- Task prompt: Excluding pictures, what does the listing below contain from the line with "Used Volkswagen T-ROC" up to and including the line with "Villa en Dubai, 4", word for word?

*** The input ***

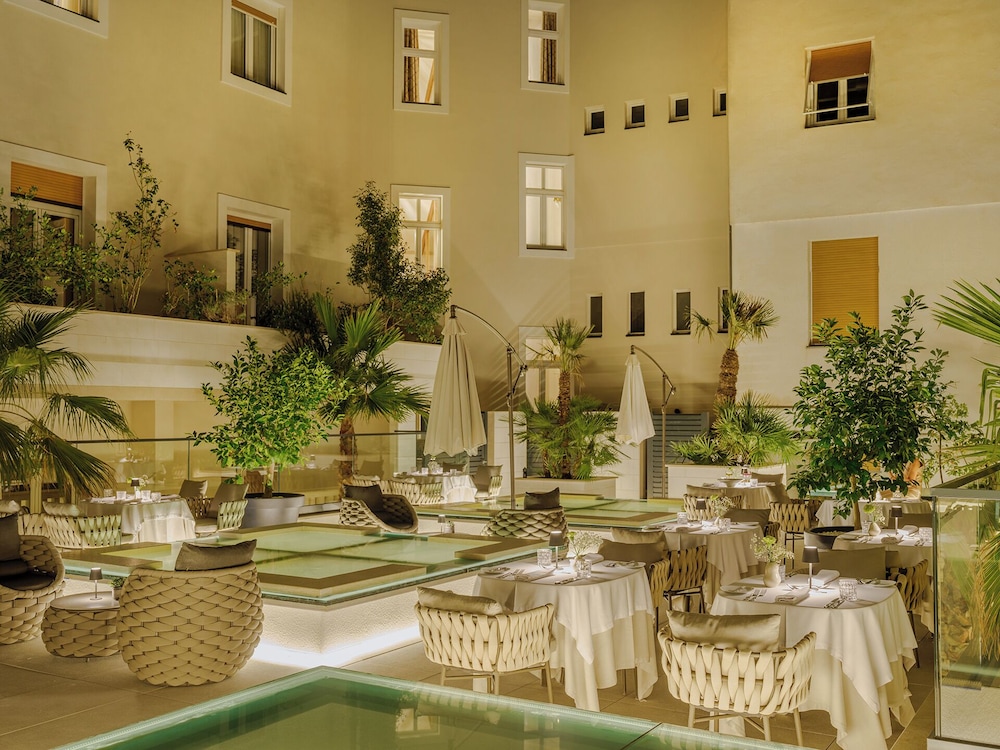 Palazzo President — Restaurant & bars in Split, Split-Dalmatia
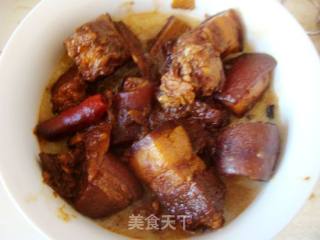 红烧肉炒三样的做法步骤：1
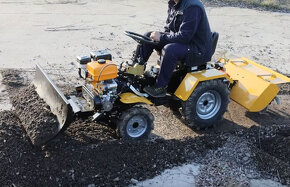 Minitraktor GARDEN T18 4x4,18HP benzín - 3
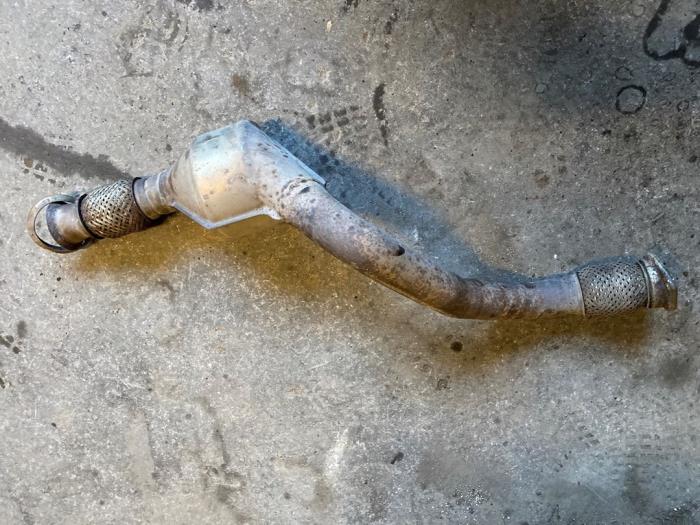 Gebrauchte Katalysator Opel Movano (4A1; 4A2; 4B2; 4B3; 4C2; 4C3) 2.5 CDTI 16V DPF Preis auf Anfrage angeboten von Autodemontage Joko B.V.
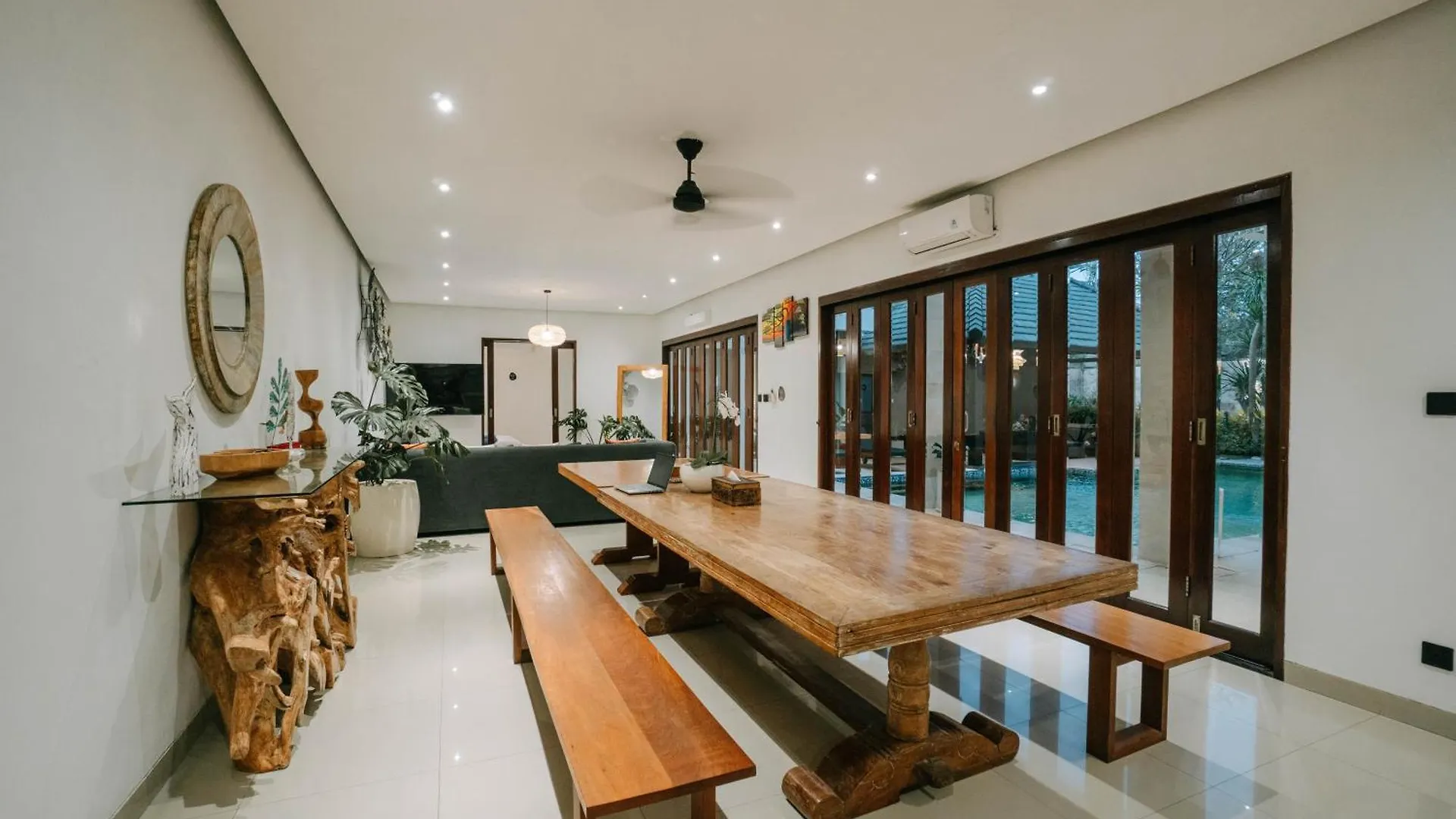 The Golden Serendipity Villa Seminyak
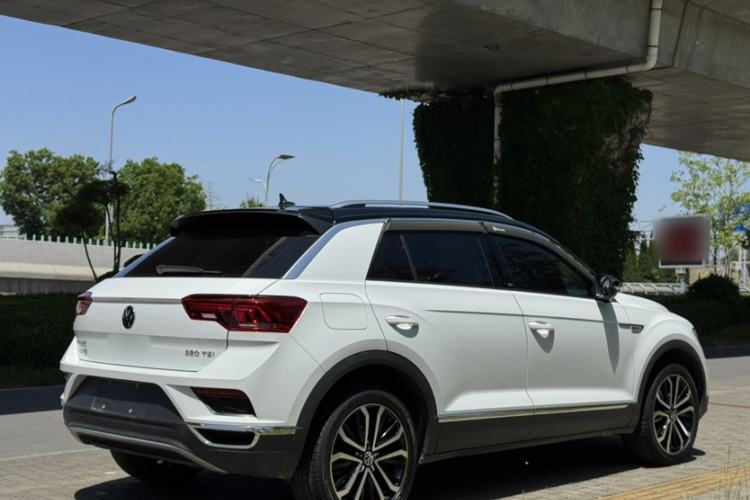 Used Volkswagen T-ROC 2021 280TSI DSG Two-Wheel Drive Comfort Connect 30th Anniversary Edition Exterior 1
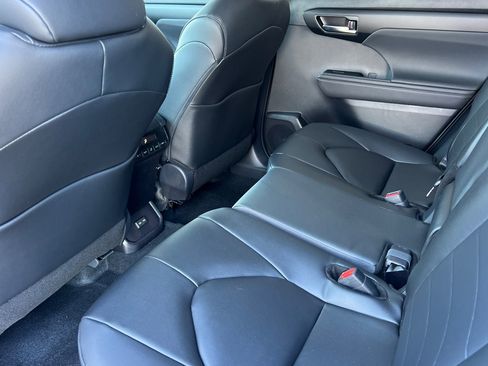New 2026 Toyota Highlander XLE AWD/4WD image 39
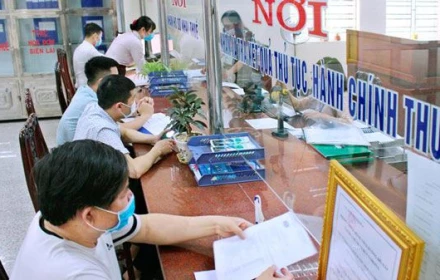 Thu thuế sử dụng đất phi nông nghiệp qua mạng, người già không có mã số thuế, không dùng eTax Mobile phải làm sao?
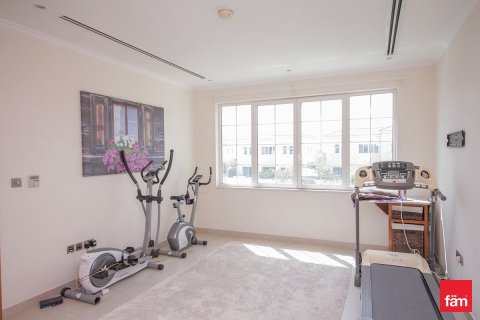 Villa en Dubai, 4 dormitorios, 759.1 m², № 17739 - foto 12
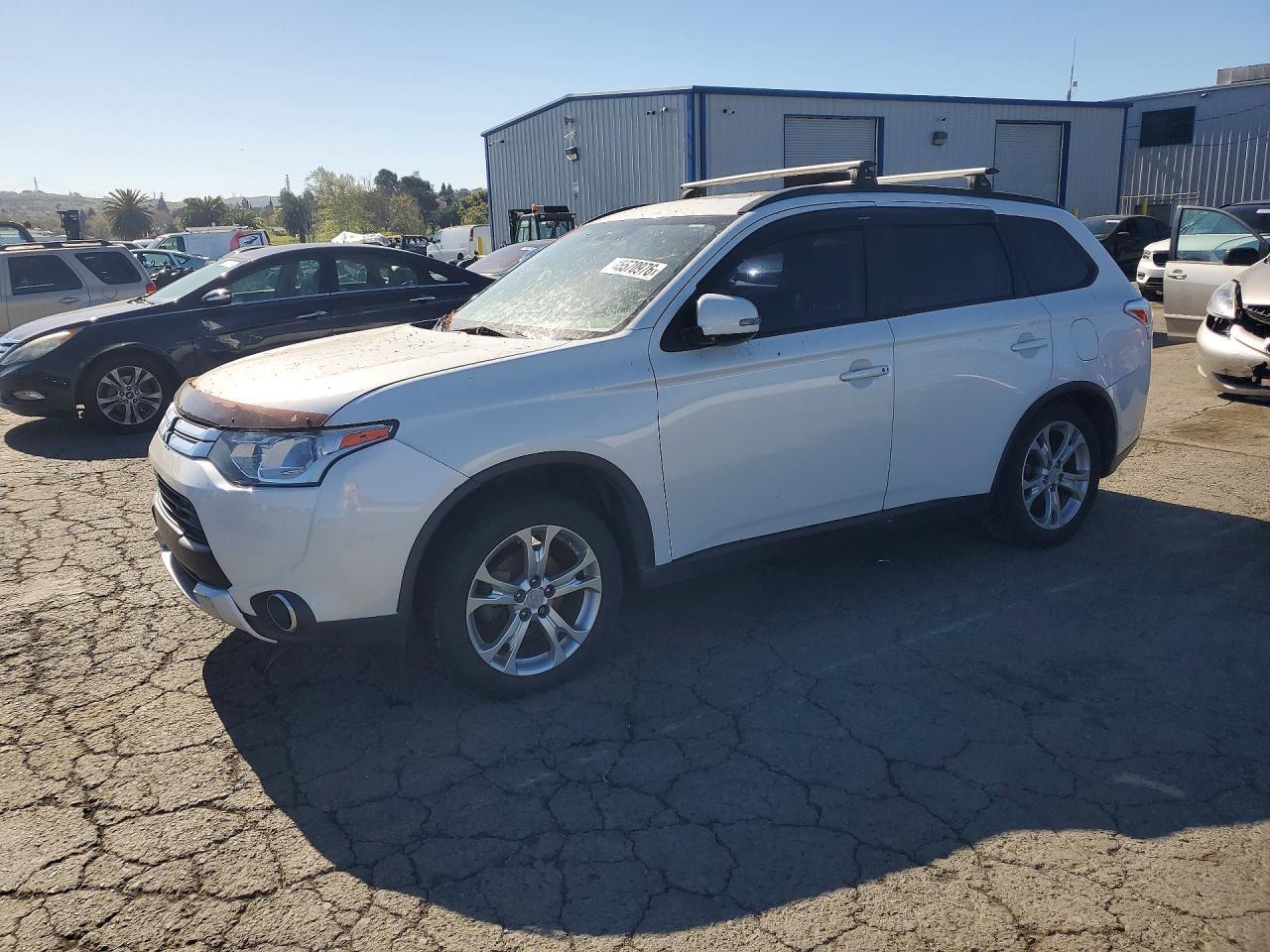 2015 MITSUBISHI outlander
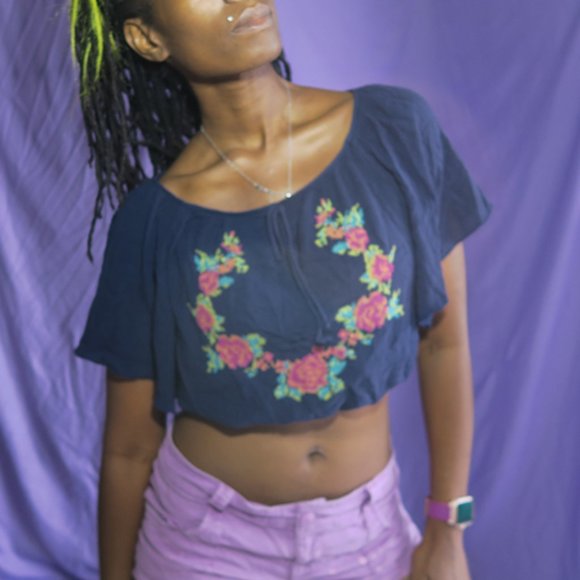 Truth NYC vine floral cropped topped in navy blue size small - Picture 2 of 6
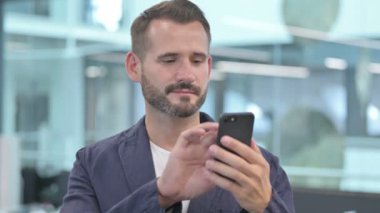 Smartphone kullanan Orta Çağ İşadamı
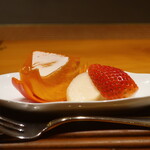 日本料理 幸庵 - 柿とコアントローゼリー、洋梨、苺の盛合せ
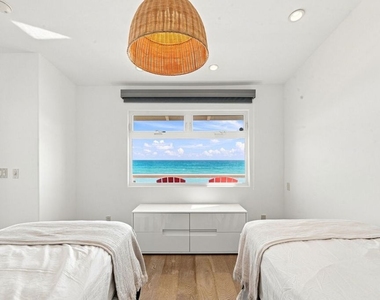 24742 Malibu Road - Photo Thumbnail 9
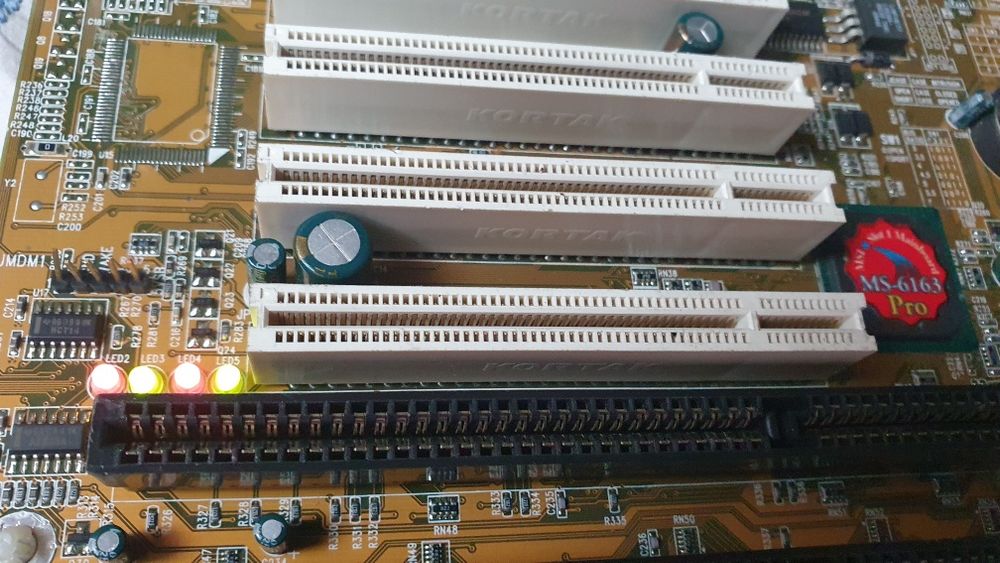 MSI MS-6163 Pro SLOT1 i440BX Retro 3 kondensatory napuchnięte.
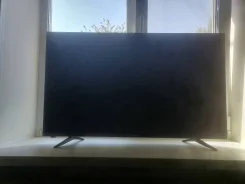 Hisense H43A6100. LCD (��) ����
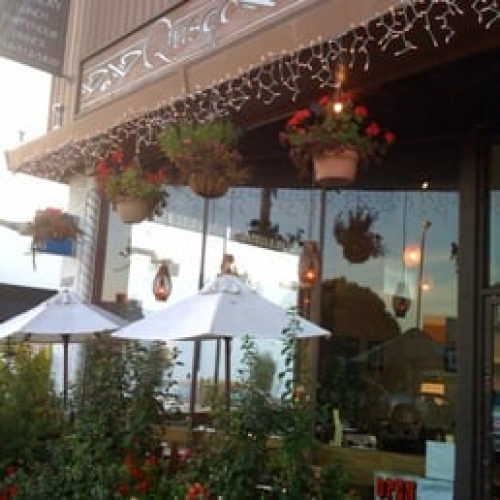 A photo of a Yaymaker Venue called Qusqo Bistro and Gallery located in Santa Monica, CA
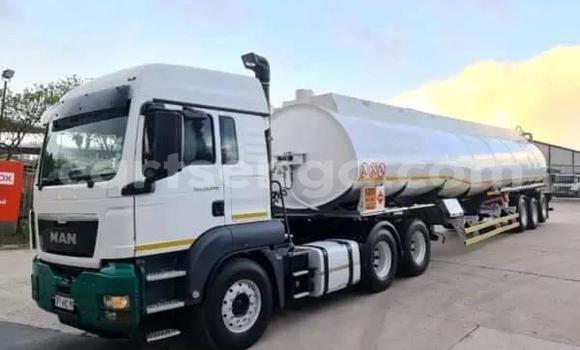 Buy Used Mercedes‒Benz Truck White Truck in Bulembu in Hhohho Buy Used Mercedes‒Benz Truck White Truck in Bulembu in Hhohho
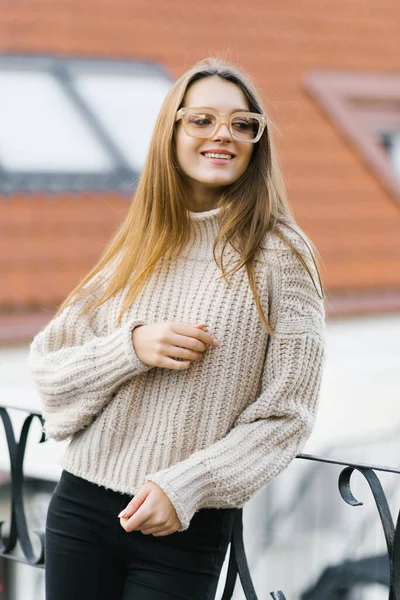 Módní Životní Styl Portrét Mladé Módní Usměvavé Ženy Oblečené Pleteném — Stock fotografie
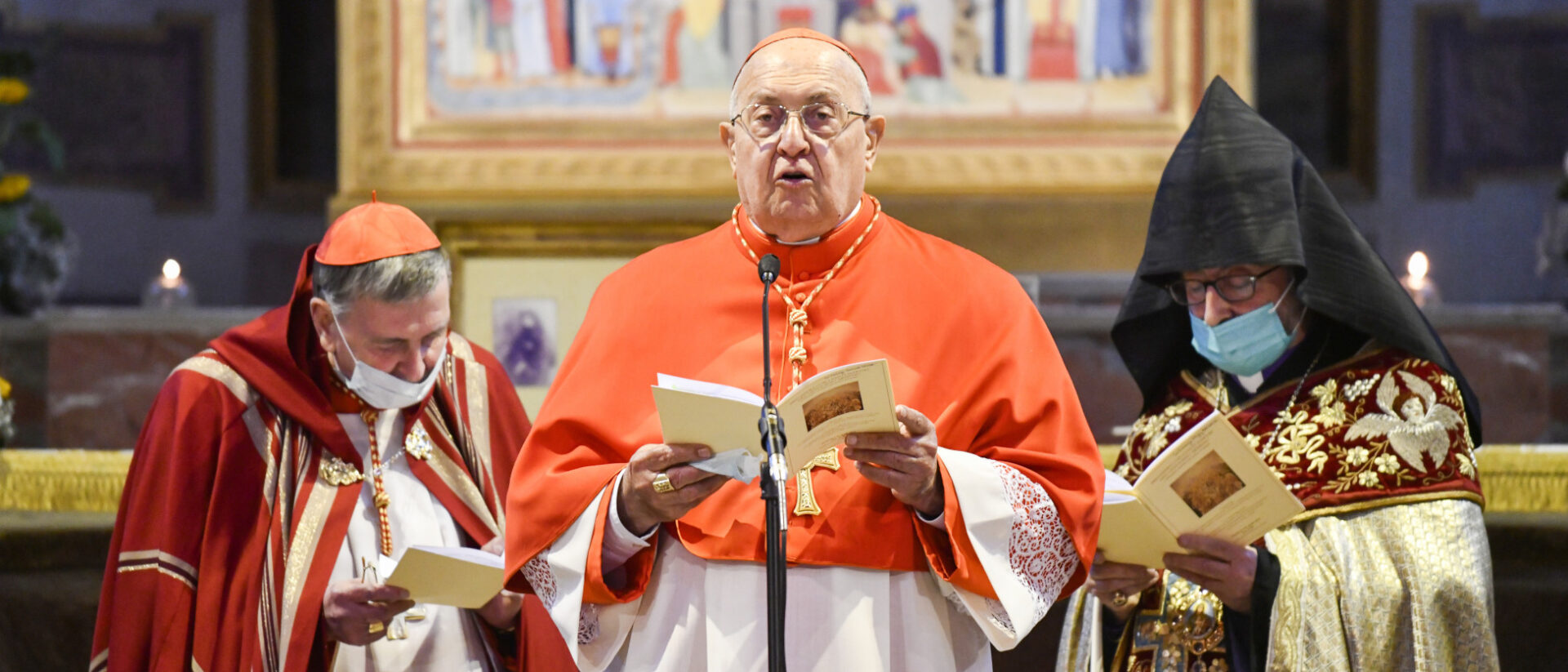 Kardinal Leonardo Sandri im April 2021 im Vatikan: links mit Ökumene-Minister Kurt Koch, rechts mit Khajag Barsamian von der Armenischen Apostolischen Kirche in Rom.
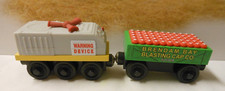 LEARNING CURVE LC99191 Thomas  Friends Wooden Railway FOG CARS/BLASTING 2003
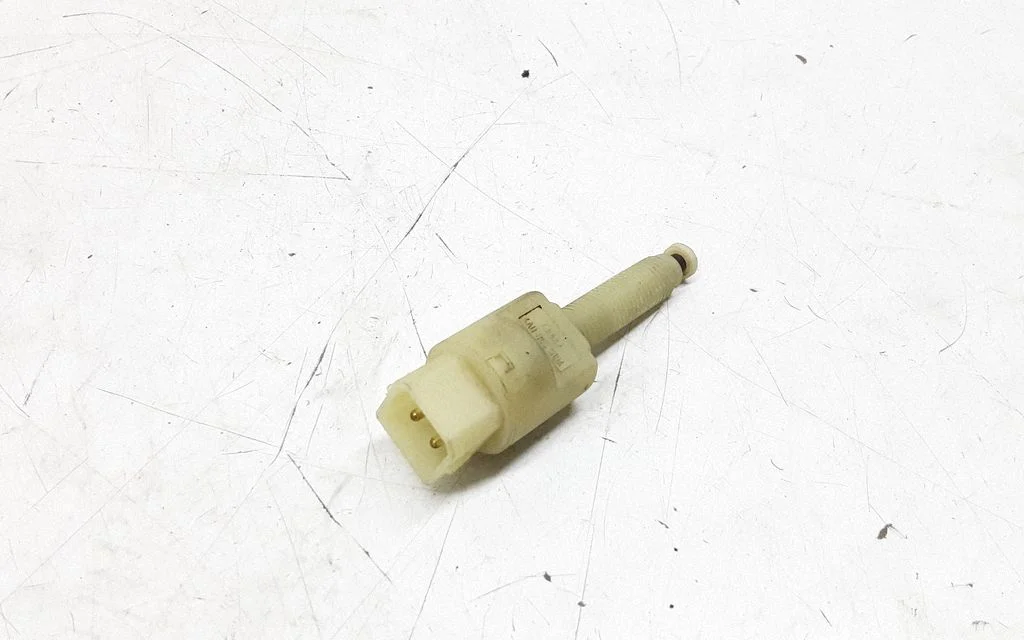 Bremžu pedāļa sensors 4A0945515A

***

- Solution to this exercise:
 Used Volkswagen T-ROC 2021 280TSI DSG Two-Wheel Drive Comfort Connect 30th Anniversary Edition Exterior 1
New 2026 Toyota Highlander XLE AWD/4WD image 39
 Thu thuế sử dụng đất phi nông nghiệp qua mạng, người già không có mã số thuế, không dùng eTax Mobile phải làm sao?
 Villa en Dubai, 4 dormitorios, 759.1 m², № 17739 - foto 12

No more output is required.